Slightly speed up SIFT matching

[minnerbe]

Profiling a downstream match derivation process using the MPICBG implementation of SIFT revealed that the single largest chunk of runtime was spent on computing the distance of the derived features. By unrolling the corresponding for-loop, I was able to speed the match derivation up a little bit: ~30% with descriptor size parameter 4, ~40% with descriptor size parameter 7. (As far as I see, the descriptor size parameter is just proportional to the actual descriptor size, with the actual size always divisible by 4.)

Even though the whole thing could be speed up even further (by a low single digit %-value) using float throughout the computation instead of double, I decided not to do that in order to not loose any accuracy.

Let me know what you think, @axtimwalde & @StephanPreibisch! In particular, can the distance computation also be done with floats?

Edit: the speedup of about 30% seems to be consistent across architectures. I tested this on x64 (Intel Xeon Gold) and Apple Silicon (M4 Max).

[axtimwalde]

@minnerbe thanks! For KDTree implementation, will you implement best bin first as suggested in original paper? Old literature says that KDTrees over 35D or so get slower for exact NN search than brute force.

[minnerbe]

I had a brief look at the best bin first algorithm. I'm not sure that we want to go to non-exact matching for this problem. If we want, it might pay to check out more modern approaches such as locality sensitive hashing.
Maybe we can briefly discuss this offline this week.

[minnerbe]

I tried using approximate nearest neighbor searching algorithms. In particular, I looked at the best-bin-first algorithm detailed in [Muja, Lowe; 2014] and locality sensitive hashing for Euclidean distance as presented in chapter 3 of [Mining of Massive Datasets; 3rd ed.].

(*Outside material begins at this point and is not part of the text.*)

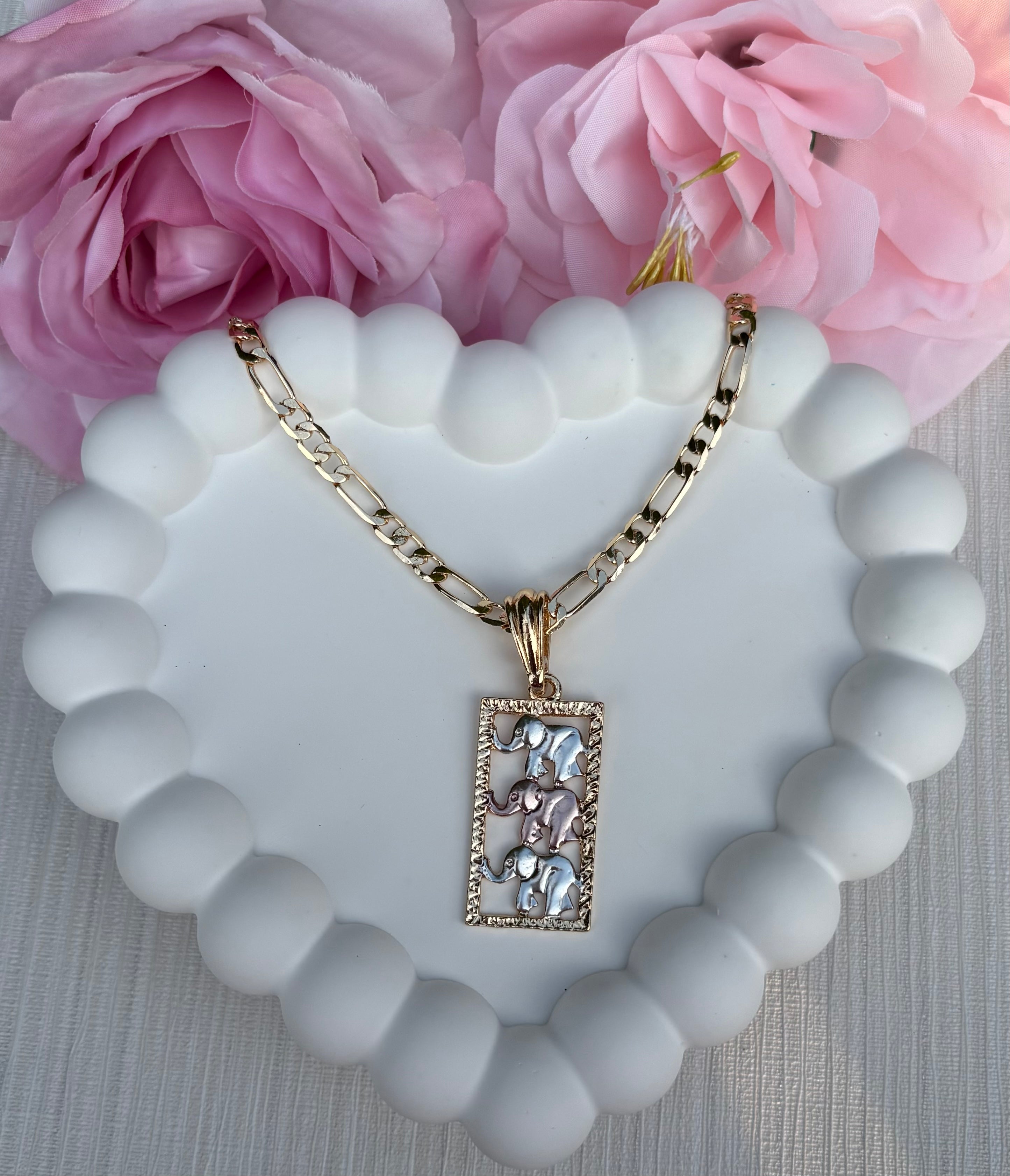 Elephant Harmony Necklace with three elephants in gold, pink, and silver on a gold chain, displayed on white background.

Both methods only improved runtime when the approximation parameters were chosen sufficiently high, which, however, resulted in very poor results (only about 20% of the features matched correctly). For values of the approximation parameters that gave qualitatively acceptable results, the overhead of the approximation was too high.

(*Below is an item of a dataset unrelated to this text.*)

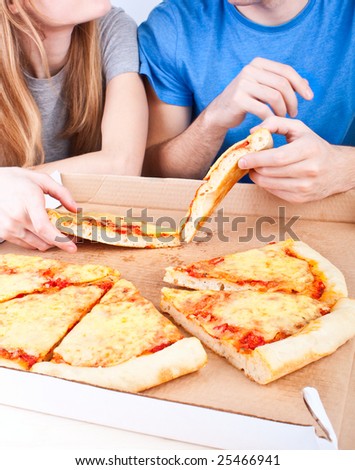 two young people eating pizza from a box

Ultimately, I ended up implementing a local version of feature matching that only compares features that are within a given radius from each other in the image space, which was suggested to me by @StephanPreibisch. With a reasonable radius size, this yields promising results: the features that are not matched "correctly" are very far apart in image space, and the number of matches after outlier detection is roughly the same, while the runtime is reduced by ~75%.

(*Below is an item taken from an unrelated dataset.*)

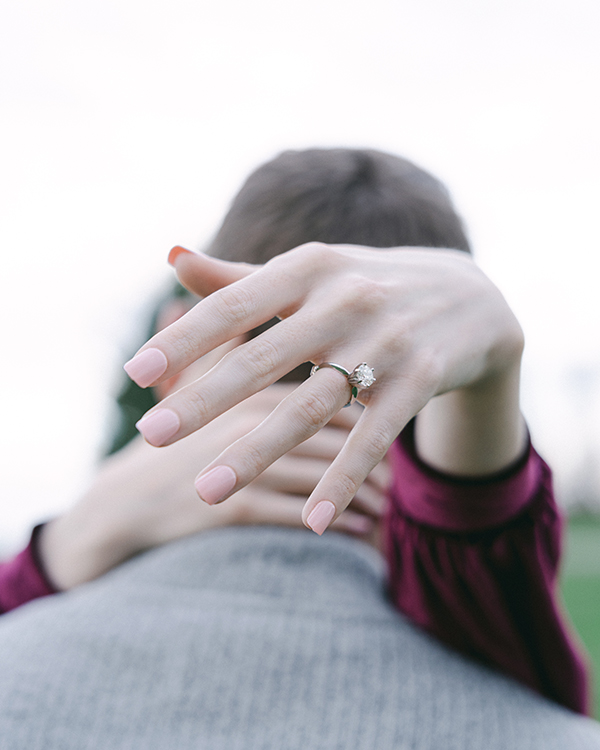 close up of engagement ring on hand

Since local matching introduces an inductive bias, I made it an additional method. Before merging, I'd like to see how this algorithm performs on a real dataset. I'll report back.

[StephanPreibisch]

This makes a lot of sense for our use-case where images are roughly aligned. I wonder if a fall-back to the old matching makes sense in case for us too, just in case the transformation is bigger than expected.